Life

The Campaign to Preserve Massachusetts’ Trans Protections Was Successful Because It Centered Trans People

It’s a winning strategy that should be carried forward.

Laverne Cox speaks at a lectern with other activists.
Laverne Cox speaks at Boston Alliance of LGBTQ Youth on Oct. 24 in Boston. Natasha Moustache/Getty Images

This post is part of Outward, Slate’s home for coverage of LGBTQ life, thought, and culture. Read more here.

The outcome of a Massachusetts ballot measure may offer a glimpse of what comes next for transgender rights nationwide. Yesterday, roughly 68 percent of respondents in the state said “yes” to Question 3, upholding existing nondiscrimination protections on the basis of gender identity. The vote marked the first time trans rights have come up for a statewide referendum—and a rare success in the face of the “bathroom predator” myth that has plagued the community for years.

While Massachusetts has a strong record on LGBTQ rights, people and organizations on both sides of the battle over Question 3 took nothing for granted. Those within Massachusetts and beyond treated it as a crucial test case that could encourage similar challenges elsewhere, and allocated resources accordingly: Per reports from the Office of Campaign and Political Finance, the “No on 3” initiative received tens of thousands in donations from out-of-state conservative activists like Sean Fieler, as well as groups like the Family Policy Alliance, an arm of Focus on the Family with a history of spreading misinformation about trans people.

Despite such right-wing opposition at the national level, Senate Bill 2407 and the effort to preserve it have received bipartisan support. It was signed into law in 2016 by Republican Gov. Charlie Baker, who personally donated to the “Yes on 3” campaign when it later came under threat. (He also won re-election last night, while James Lyons Jr., who first introduced the petition to repeal it, lost his seat in the state’s House of Representatives.)

The coalition that came to SB 2407’s defense drew on a range of tactics, from TV ads to phone banking to canvassing, but in a victory speech Tuesday night, “Yes on 3” co-chair Mason Dunn’s takeaway was simple: “We win when we are trans-led, by and for our community.”

“We’ve done the largest campaign for trans protections in U.S. history, and we’ve written the playbook that advocates will use going forward in transgender rights,” said Freedom for Massachusetts’ Kasey Suffredini later that evening. He, too, credits the foregrounding of trans bodies and voices, both in ads and within the campaign itself, and one-on-one conversations between volunteers and voters—of which there were more than 100,000 in the months leading up to the midterms.

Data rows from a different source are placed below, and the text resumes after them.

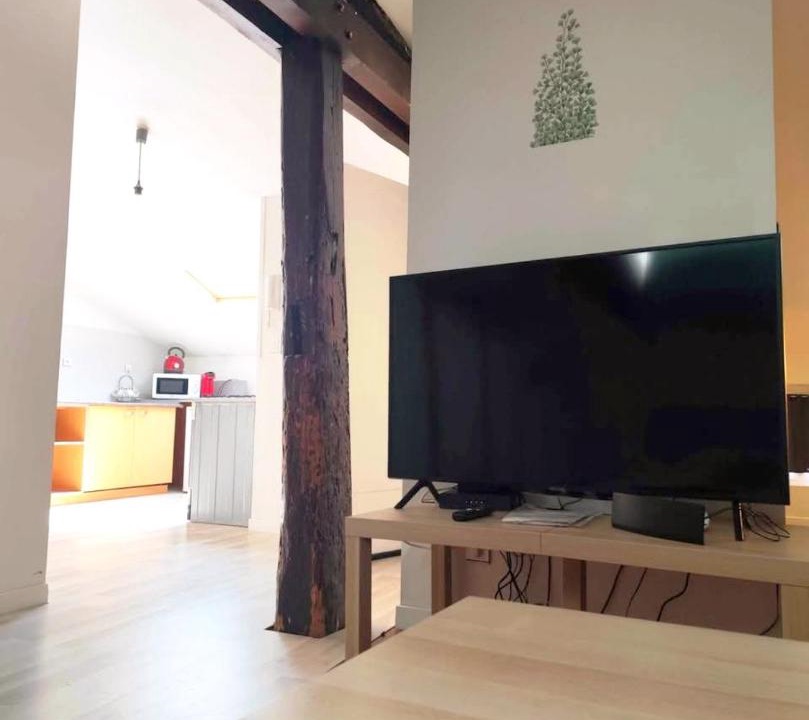 Photo of Livingroom in Roanne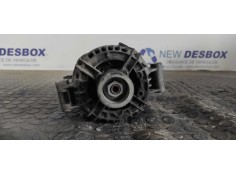 Recambio de alternador para ford transit mod. 2000 combi ft 260 2.0 corto referencia OEM IAM 0124415030  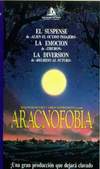 Арахнофобия (1990, Испания)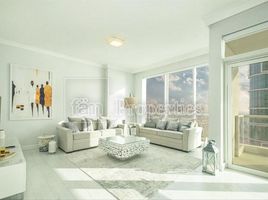 2 Bedroom Apartment for sale at Al Bateen Residences, Shams, Jumeirah Beach Residence (JBR)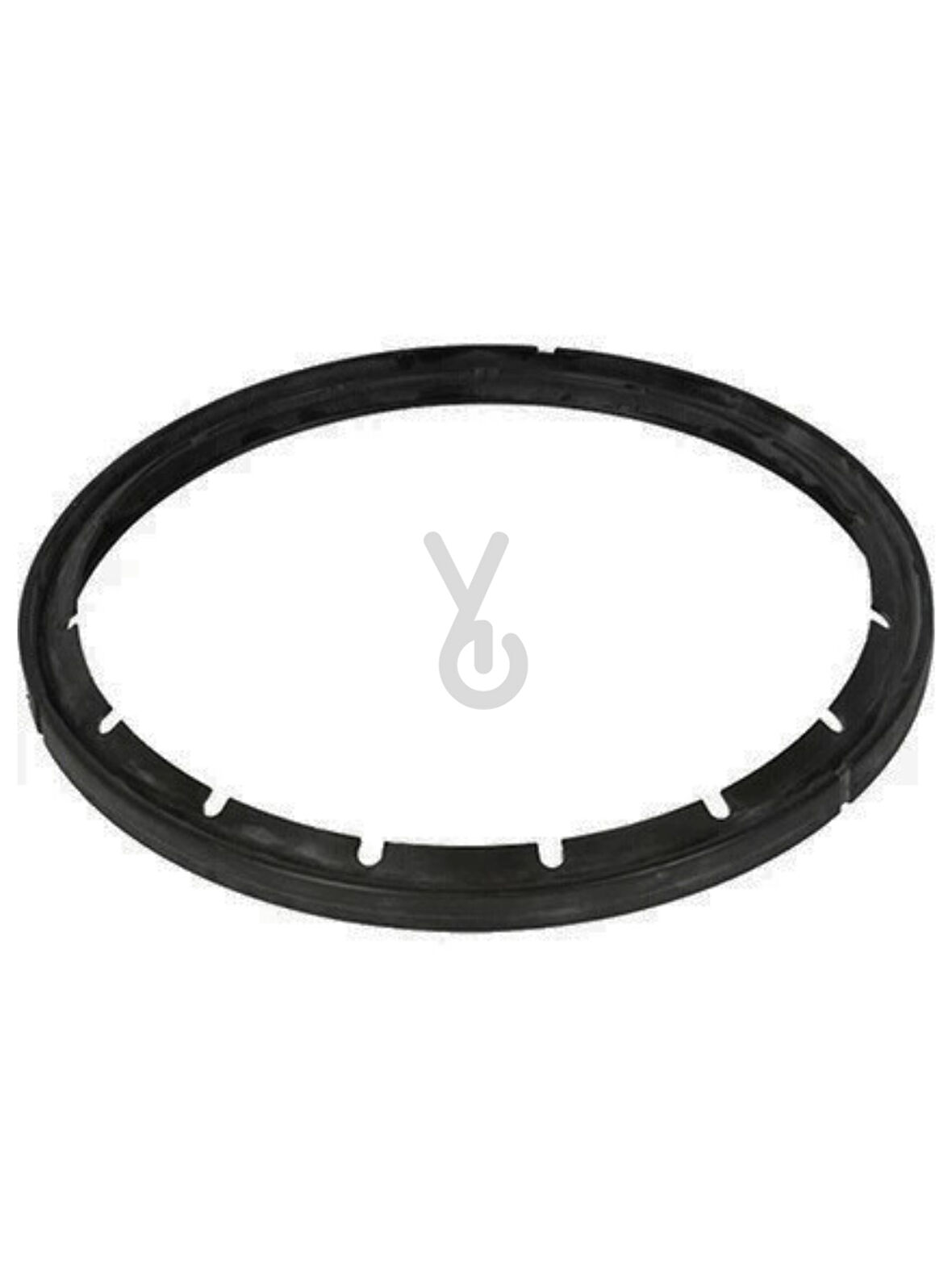 TEFAL Düdüklü Tencere 6-10 lt Lastik 253 mm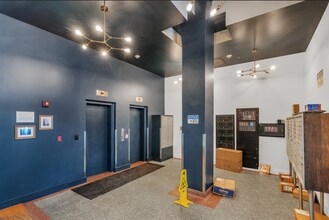 1136 Washington Ave in St. Louis, MO - Building Photo - Building Photo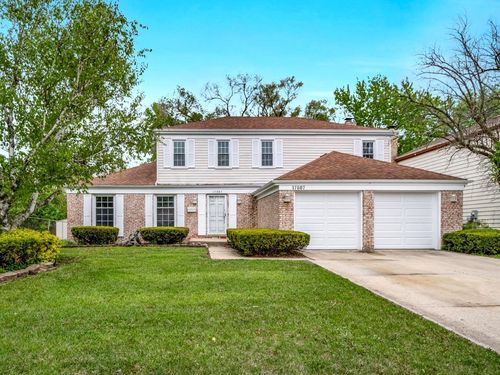 17807 Stonebridge Drive, Hazel Crest, IL, 60429 | Card Image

The strategy was first tried and tested in Florida in 2015, where researchers from Stanford and UC–Berkeley concluded that “deep canvassing” (i.e., meaningful, experience-driven conversations rather than shorter, scripted ones) could “durably reduce” transphobia. Where volunteers proactively talked through potential concerns and established common ground, conservative Miami voters became, on average, more positive toward trans people and more supportive of local nondiscrimination laws—and stayed that way for months, even if they were later shown anti-trans political advertisements.

That last point was particularly important in Massachusetts, where the “No on 3” movement leaned heavily on myths about trans people (and/or men pretending to identify as women under the auspices of the law) as a threat. The first thing visitors to the Keep MA Safe website encounter is a little girl holding up her hand in a “stop” motion, recalling the now-familiar refrain that predators will enter bathrooms unimpeded unless these protections are rolled back. That anxiety is echoed in the “No on 3” logo, which shows a man standing on a toilet in order to spy on a woman in the neighboring stall. And on social media, organizational fearmongering only got more overt: The Massachusetts Family Institute tweeted out a GIF of a woman with duct tape over her mouth, suggesting that they are being silenced by the law’s very existence.

The claim that trans rights come at the cost of cis women’s safety and privacy has been refuted over and over. A comprehensive study from UCLA’s Williams Institute, which compared Massachusetts localities with and without trans-inclusive nondiscrimination ordinances prior to SB 2407’s passage, found no correlation between these protections and criminal incidents in public bathrooms, locker rooms, or changing rooms—which are “exceedingly rare” to begin with. But the specter of these hypothetical predatory men has dogged the trans rights movement since 2015, when it led to the repeal of Houston’s human rights ordinance. Only with the “Yes on 3” approach—engaging with these misconceptions head-on and carefully, kindly dismantling them, with an emphasis on the humanity of all involved—has it finally been dispelled.

It’s a surprisingly heartening lesson for a political moment in which the most vulnerable are actively demonized or simply erased entirely. In Massachusetts, at least, a combination of hard facts and human connections won out over fearful rhetoric. For marginalized communities elsewhere in the country, the hope now is that the strategy will scale.